PROBLEM DETAILS - Everything in the listing below needs restating exactly, apart from the pictures.

COLLECTED DATA -
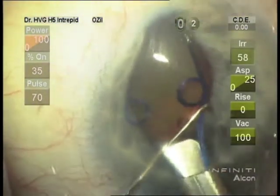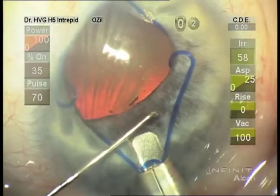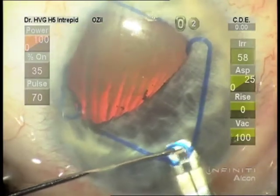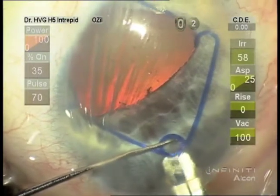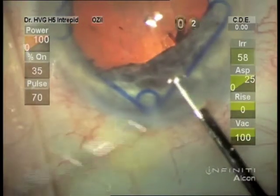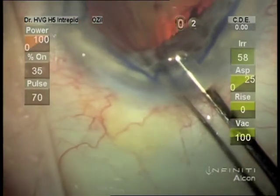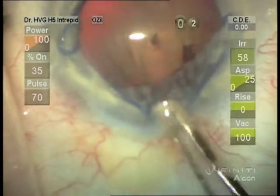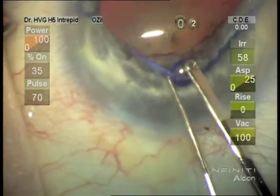We're pushing down a little to make sure it gets under the iris. Now we're using the synechia hook to stretch the pupil and then push the Malyugin ring to engage the sub-incisional pupil.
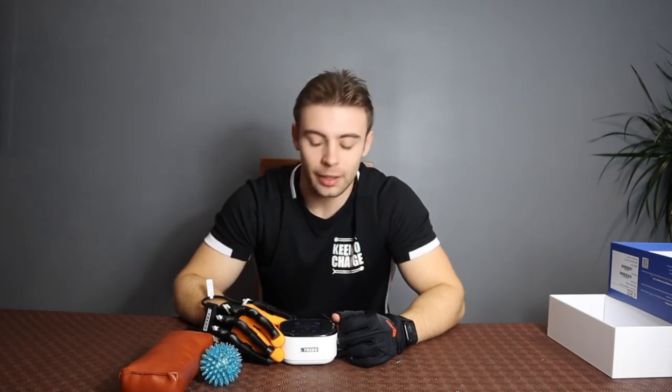There are specific modes on this device, one being manual training and the other being mirror training. Manual training is really great as it allows you to get your proprioception back and get the feel of moving your hand again. With mirror training, if I move this hand, this hand will also simultaneously draw itself in, and if I release it'll come straight back — we'll give you a proper demonstration just now.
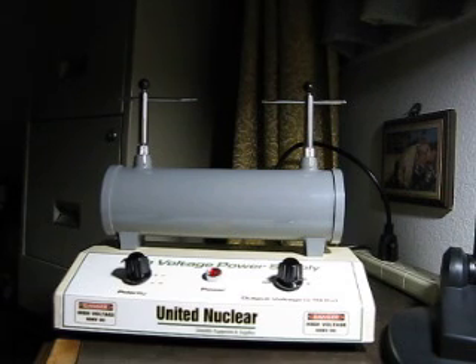Not much really exciting about them. They will throw a two or three inch spark. I'm going to shut the light off and give you an idea of what the spark looks like on them.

EXERCISE RESPONSE -
We're pushing down a little to make sure it gets under the iris. Now we're using the synechia hook to stretch the pupil and then push the Malyugin ring to engage the sub-incisional pupil.
There are specific modes on this device, one being manual training and the other being mirror training. Manual training is really great as it allows you to get your proprioception back and get the feel of moving your hand again. With mirror training, if I move this hand, this hand will also simultaneously draw itself in, and if I release it'll come straight back — we'll give you a proper demonstration just now.
Not much really exciting about them. They will throw a two or three inch spark. I'm going to shut the light off and give you an idea of what the spark looks like on them.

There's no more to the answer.